CROSS-REFERENCE TO RELATED APPLICATION

This application claims priority to and the benefit of Korean Patent Application No. 10-2019-0064819 filed in the Korean Intellectual Property Office on May 31, 2019, the entire contents of which are incorporated herein by reference.

TECHNICAL FIELD

The present disclosure relates to a gas-liquid separation device for a vehicle. More particularly, the present disclosure relates to a gas-liquid separation device for a vehicle for separating and respectively supplying a gas and liquid refrigerant.

BACKGROUND

Generally, an air conditioning system for a vehicle includes an air conditioner circulating a refrigerant in order to heat or cool an interior of the vehicle.

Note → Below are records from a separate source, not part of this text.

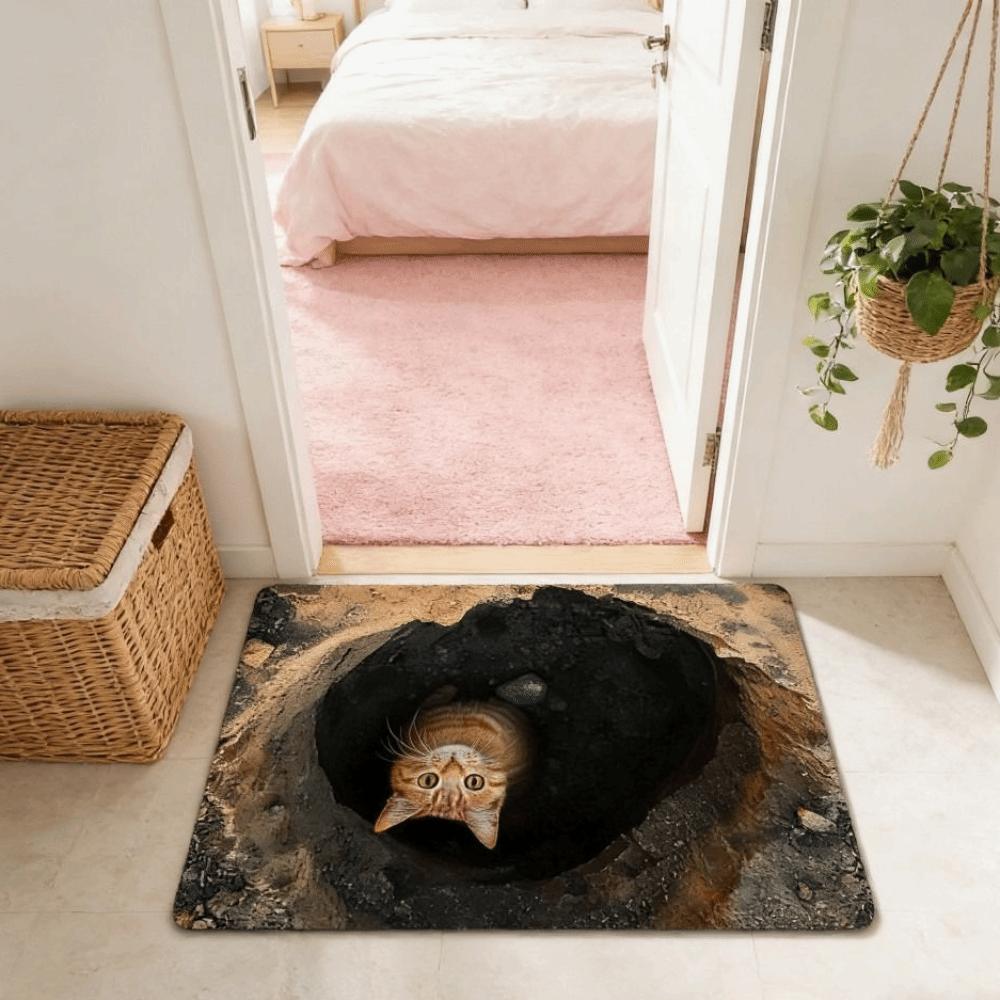 Non-slip Optical Illusion Doormat 3D Flat Bedroom Door Rug Creativity Bathroom Carpet Home Decor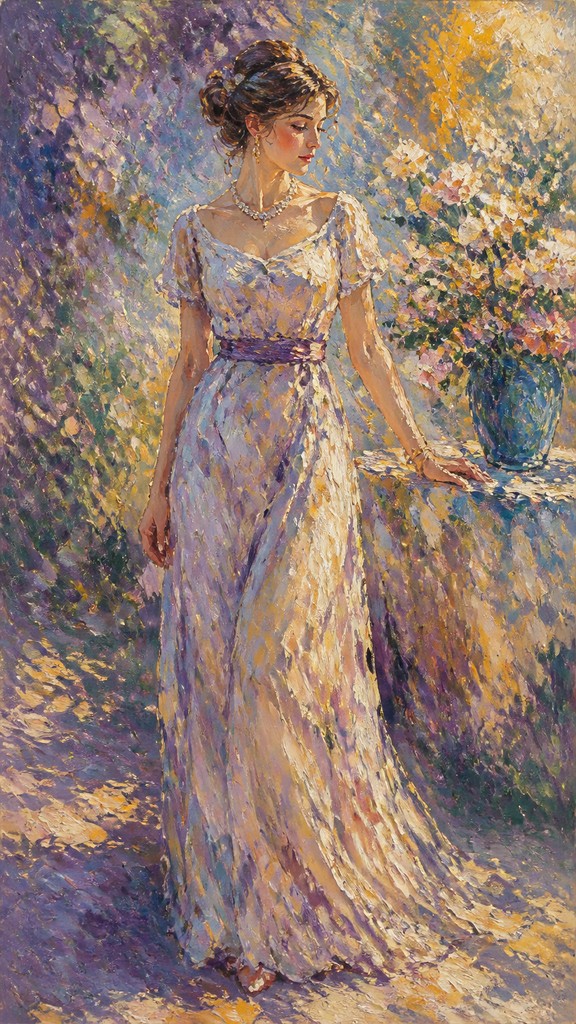 full-length portrait of an elegant figure — Impressionist Still Life Art Style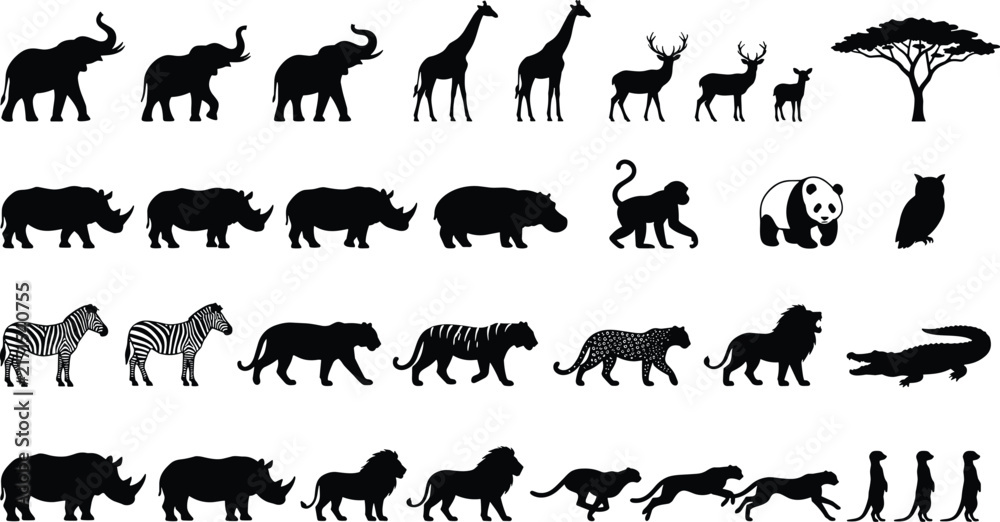 Fototapeta premium Wild safari animals black shape icons collection featuring elephant giraffe lion tiger zebra rhino hippopotamus and deer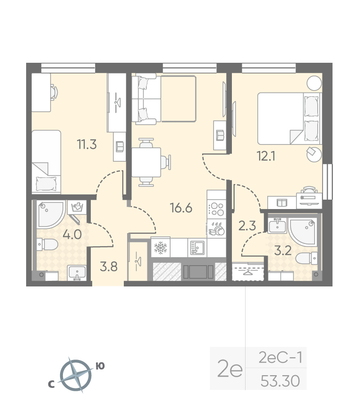 53,3 м², 2-комн. квартира, 10/25 этаж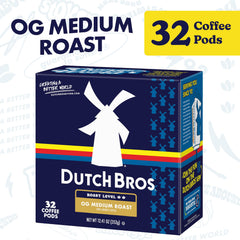 Dutch Bros OG Medium Roast pods pouring into a cup for a smooth, balanced sip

The air conditioner, which is to maintain the interior of the vehicle at an appropriate temperature regardless of a change in an external temperature to maintain a comfortable interior environment, is configured to heat or cool the interior of the vehicle by heat exchange by an evaporator in a process in which a refrigerant discharged by driving of a compressor is circulated to the compressor through a condenser, a receiver drier, an expansion valve, and the evaporator.

That is, the air conditioner lowers a temperature and a humidity of the interior by condensing a high-temperature high-pressure gas-phase refrigerant compressed from the compressor by the condenser, passing the refrigerant through the receiver drier and the expansion valve, and then evaporating the refrigerant in the evaporator in a cooling mode in summer.

However, in the conventional air conditioner, the receiver drier for supplying a liquid refrigerant removed with moisture and foreign substances among the refrigerant condensed in the condenser to an expansion valve and an accumulator for supplying a gas refrigerant among the refrigerant passing through the evaporator to the compressor are respectively provided, and therefore there is a problem that a manufacturing cost increases due to the increasing of the constituent elements.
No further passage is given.